*SUPPLIED MATERIAL:*
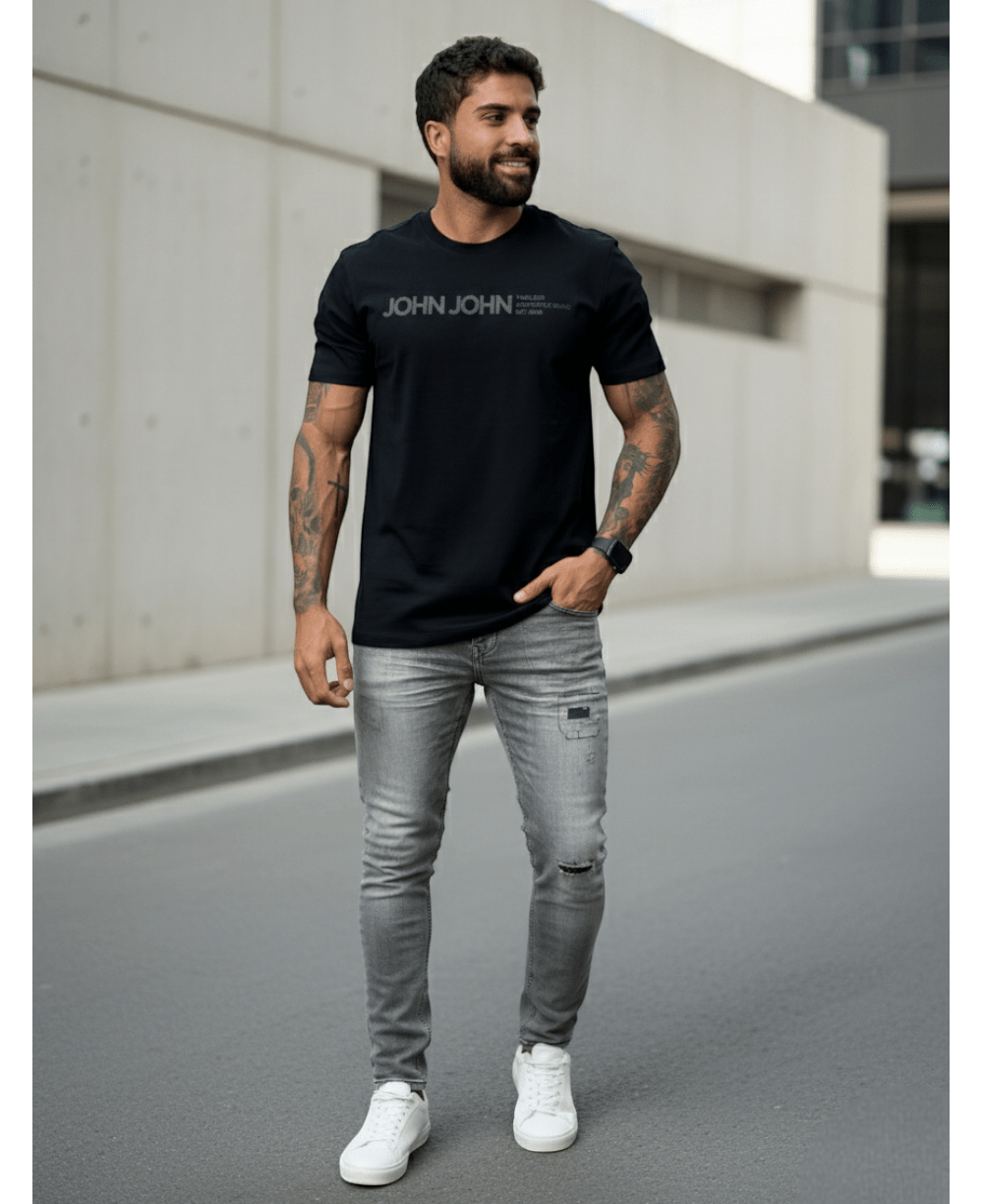 Camiseta T -Shirt Timeless Masculina Preto - John John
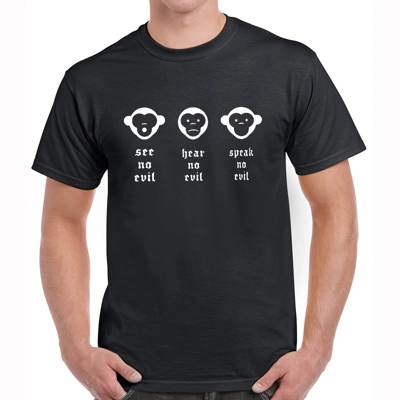 See No Evil, Hear No Evil, Speak No Evil Black Tee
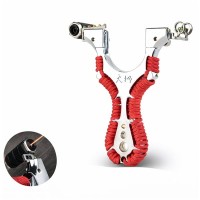 Praștie multifuncțională cu laser, DEPOX®, metal, 2 elastice de rezervă, rosu Praștie multifuncțională cu laser, DEPOX®, metal, 2 elastice de rezervă, rosu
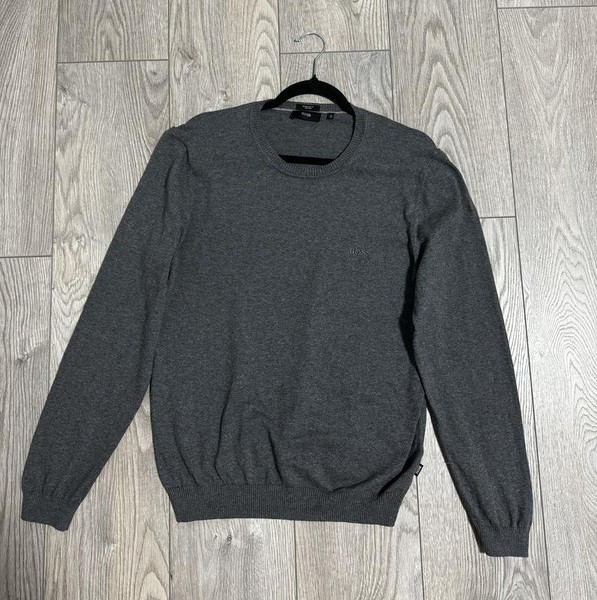 Men Hugo Boss Sweater Grey Cotton 38 / M / 46 #N7XS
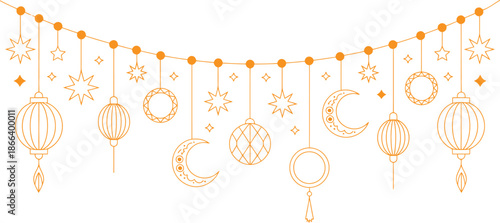 Elegant celestial decoration hanging garland with ornaments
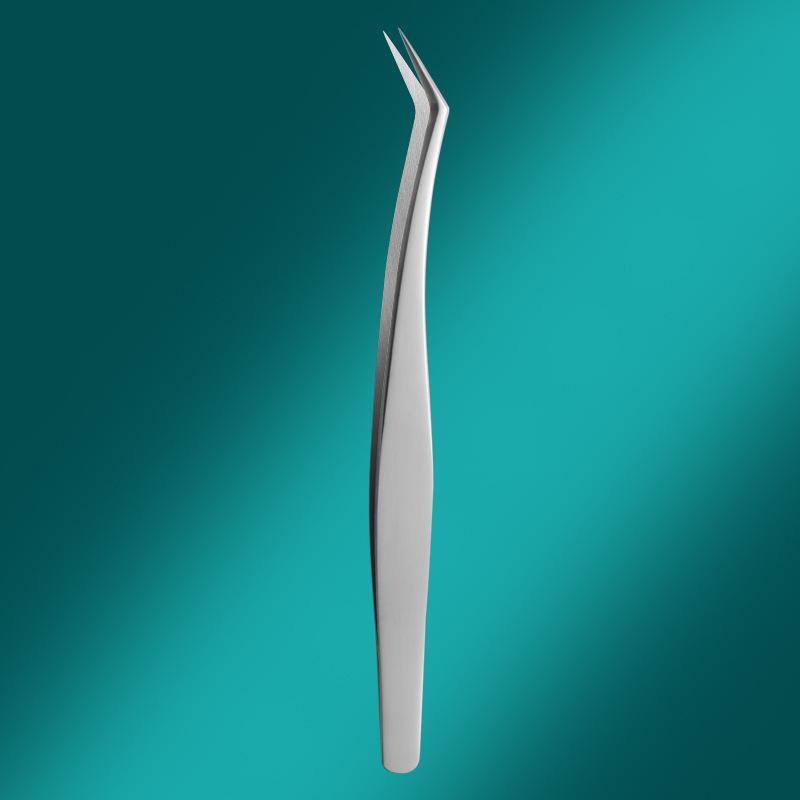 Golden Precision Eyelash Tweezers Set - Extended Dolphin Feather Clamp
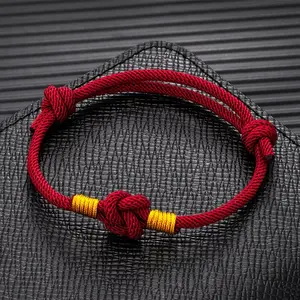 Minimalist Men Women Adjustable Chinese Knot Red Bracelet For Lovers Distance Couple Bracelets Yoga Meditation Jewelry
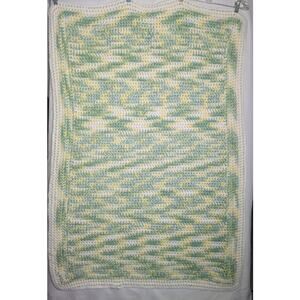 Hand Made Crocheted Baby Blanket Yellow, Green, White 35" X 52"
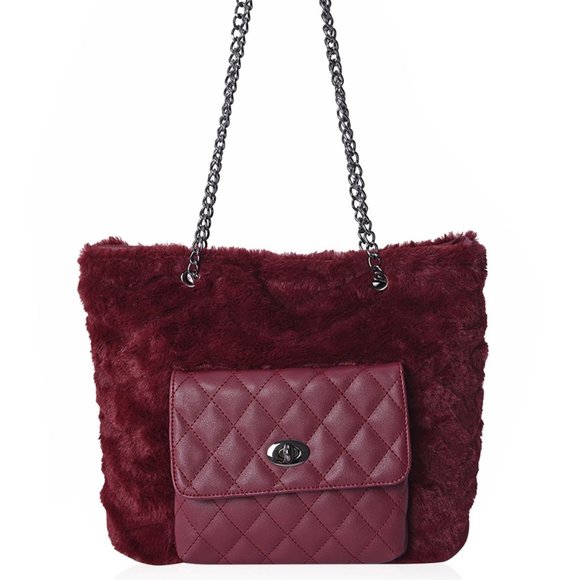 Faux Fur & 100% Genuine Leather Bag - Picture 1 of 5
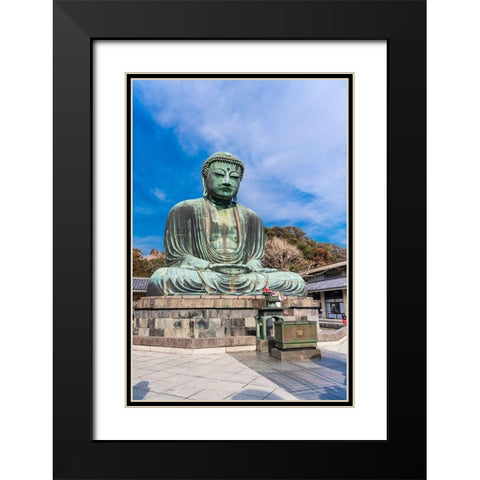 The Daibutsu-or big buddha-of the Buddhist Temple in Kamakura-Japan Black Modern Wood Framed Art Print with Double Matting by Haddad, Sheila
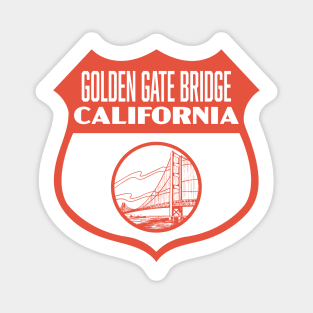 Golden Gate Bridge California Retro Shield (Red) Magnet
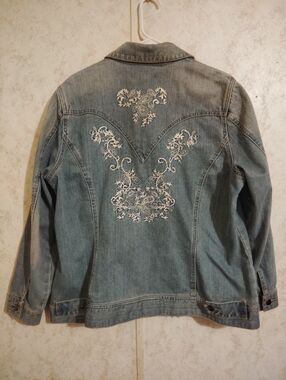 Coldwater Creek Light Blue Embroidered Denim Jacket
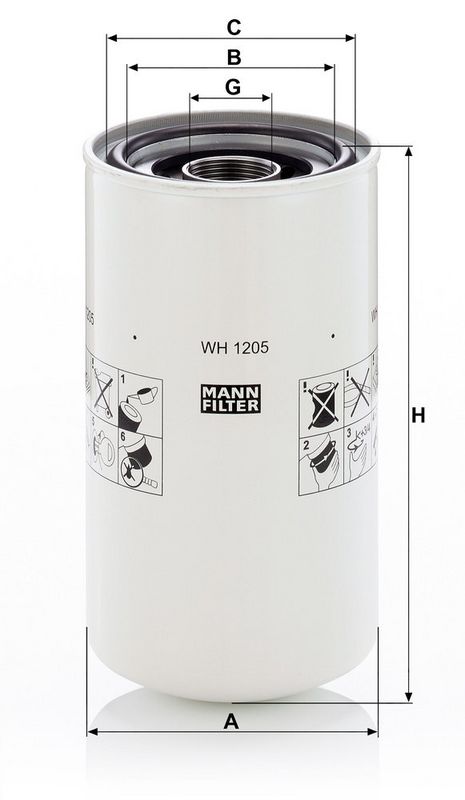 Hydraulisch filter (geschroefd) past: KUBOTA M 100 GX III, M 100 GXDTC, M 110 GX, M 110 GXDTC, M 126 XDTC, M 126 XDTPC, M 135 GX, M 135 XDTC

*WORK ITEM:* Reproduce these records exactly, but not the pictures.

*YOUR SOLUTION:*
 Camiseta T -Shirt Timeless Masculina Preto - John John
 See No Evil, Hear No Evil, Speak No Evil Black Tee
 Praștie multifuncțională cu laser, DEPOX®, metal, 2 elastice de rezervă, rosu Praștie multifuncțională cu laser, DEPOX®, metal, 2 elastice de rezervă, rosu
 Men Hugo Boss Sweater Grey Cotton 38 / M / 46 #N7XS
 Elegant celestial decoration hanging garland with ornaments
 Golden Precision Eyelash Tweezers Set - Extended Dolphin Feather Clamp
 Minimalist Men Women Adjustable Chinese Knot Red Bracelet For Lovers Distance Couple Bracelets Yoga Meditation Jewelry
 Hand Made Crocheted Baby Blanket Yellow, Green, White 35" X 52"
 Faux Fur & 100% Genuine Leather Bag - Picture 1 of 5
 The Daibutsu-or big buddha-of the Buddhist Temple in Kamakura-Japan Black Modern Wood Framed Art Print with Double Matting by Haddad, Sheila
 Golden Gate Bridge California Retro Shield (Red) Magnet
 Coldwater Creek Light Blue Embroidered Denim Jacket
 Hydraulisch filter (geschroefd) past: KUBOTA M 100 GX III, M 100 GXDTC, M 110 GX, M 110 GXDTC, M 126 XDTC, M 126 XDTPC, M 135 GX, M 135 XDTC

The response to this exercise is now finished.